The newer "TWOZONE" algorithm is based on the assumption that bad pixels and gain-sagged regions that are in the outer wings of the point-source profile do not have a large enough impact on the extracted flux to force rejection of the wavelength bin; instead wavelength bins should only be rejected if a bad pixel occurs in the core of the profile. This allows for spectrum extraction with only a small error even when the far wings of the profile may overlap with gain-sagged regions near LP1. Note that the locations of LPs 3 through 6 were carefully chosen so that previous gain-sagged regions would not significantly impact the spectral quality and flux accuracy of the science spectra.

To implement this concept, the TWOZONE method divides the spectral extraction region into two parts: an INNER zone that defines the core of the profile, and an OUTER zone that includes the entire region used for the spectral extraction (note that the OUTER zone as defined here includes the INNER zone). The upper and lower boundaries for each of these zones are wavelength dependent and are defined in terms of the fraction of enclosed energy expected for the cross-dispersion profile of a point source. These enclosed energy fractions are set for each CENWAVE setting in the new TWOZXTAB reference file.

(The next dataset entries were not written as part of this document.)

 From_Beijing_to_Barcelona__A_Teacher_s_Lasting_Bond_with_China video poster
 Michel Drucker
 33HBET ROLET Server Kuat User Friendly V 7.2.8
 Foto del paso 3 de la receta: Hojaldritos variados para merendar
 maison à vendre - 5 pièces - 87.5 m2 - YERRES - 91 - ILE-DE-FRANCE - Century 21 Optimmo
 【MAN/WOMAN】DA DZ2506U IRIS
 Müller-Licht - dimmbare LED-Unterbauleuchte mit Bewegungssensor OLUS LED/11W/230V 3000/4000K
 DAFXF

For all settings, the reference files are currently set by default to define the central 80% of the profile’s enclosed energy as the INNER zone and 99% as the OUTER zone, but these boundaries can be adjusted to tailor the extraction (see 3.6 Customizing COS Data Calibration). The wavelength dependent point-source spatial profiles for each setting are contained in the PROFTAB reference file.

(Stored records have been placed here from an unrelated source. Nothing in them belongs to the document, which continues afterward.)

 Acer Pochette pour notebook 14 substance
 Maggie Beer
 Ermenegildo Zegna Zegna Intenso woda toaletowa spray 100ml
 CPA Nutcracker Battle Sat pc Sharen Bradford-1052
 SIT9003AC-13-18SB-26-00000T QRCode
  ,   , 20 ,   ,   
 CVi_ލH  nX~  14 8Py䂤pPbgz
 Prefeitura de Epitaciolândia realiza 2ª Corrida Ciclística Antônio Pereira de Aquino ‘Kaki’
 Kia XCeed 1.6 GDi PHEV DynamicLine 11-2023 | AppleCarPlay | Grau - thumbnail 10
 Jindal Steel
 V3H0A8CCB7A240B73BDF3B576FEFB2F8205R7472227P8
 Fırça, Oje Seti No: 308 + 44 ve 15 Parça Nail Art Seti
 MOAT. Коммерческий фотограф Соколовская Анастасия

This approach has a number of additional consequences. In order to tabulate reference profiles that are sufficiently smooth as a function of wavelength, it proved necessary to first straighten the spectral image to correct the small-scale distortions in the cross-dispersion direction. This resulted in the addition of a new TRCECORR step, which uses corrections tabulated in the TRACETAB reference file. In addition, precise alignment of the observed spectrum with the reference profile is needed to ensure accurate flux extraction, and to do this the new ALGNCORR step was added. We recommend that the TRCECORR steps always be used whenever using the new TWOZONE algorithm, and be omitted when using the older BOXCAR algorithm. While it is possible to turn these steps on and off separately, the reliability of the extracted spectra produced may be adversely affected.

Note: The TWOZONE algorithm is only used for FUV data taken at the third and subsequent COS FUV Lifetime Positions (LP3 and up).

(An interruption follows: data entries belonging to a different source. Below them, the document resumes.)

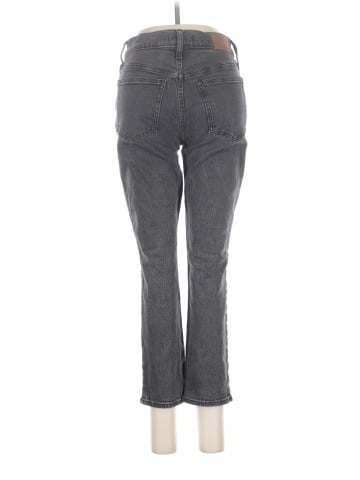 Madewell Jeans (view 2)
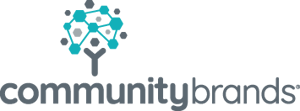 Community Brands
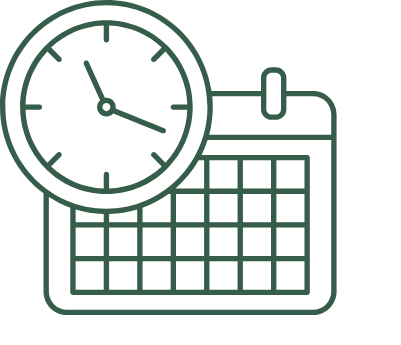 Návrh bez názvu (3)_4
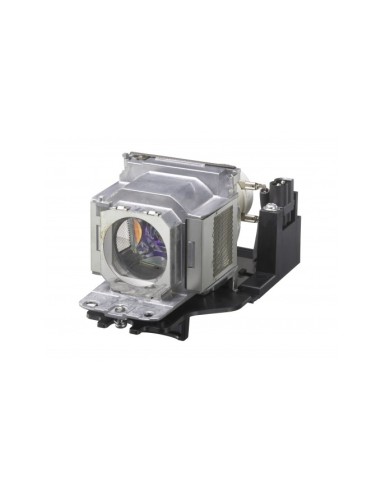 Sony VPL-SX125 videoproiettore Proiettore a corto raggio 2500 ANSI lumen 3LCD XGA (1024x768) Nero, Grigio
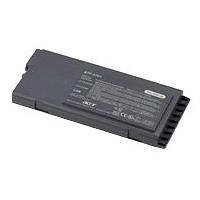 Acer Ersatzakku f&uuml;r Notebooks der Serien TravelMate und Aspire - 4800 mAh (LC.BTP01.017) Preisvergleich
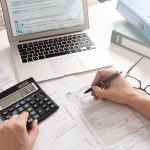 How To Manage Small Business Finances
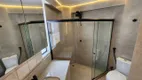Foto 10 de Apartamento com 2 Quartos à venda, 56m² em Indianopolis, Caruaru
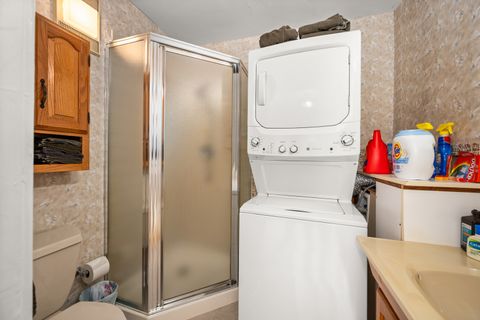 Tiny photo for 15165 Quigley Road, Sycamore, IL 60178 (MLS # 12526571)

The TWOZONE algorithm is only used for FUV data taken at the third and subsequent COS FUV Lifetime Positions (LP3 and up). All NUV data and FUV data taken at LP1 and LP2 continue to be calibrated using the older BOXCAR algorithm. Note that when most FUV settings were moved to LP3 and later subsequent LP, the 1055 and 1096 CENWAVE settings of the G130M grating were left at LP2 because of their large cross-dispersion widths, and they will therefore continue to be calibrated with the BOXCAR algorithm.

3.2.2 Extended sources

Since the new TWOZONE algorithm shrinks the final region used for the spectral extraction to enclose only 99% of the expected point-source profile enclosed energy, the flux accuracy for extended sources will be more easily affected than was the case for the BOXCAR algorithm, which uses a larger fixed extraction height. In addition, the more extended spatial profile for these sources may increase the overlap with the gain-sagged regions near LP1, leading to significant loss of flux. Observations of extended sources therefore likely require customized extractions to produce optimum results, and close examination of the spectral images and extractions to identify artifacts in the reduced products is recommended.

Note: Observations of extended sources likely require customized extractions to produce optimum results.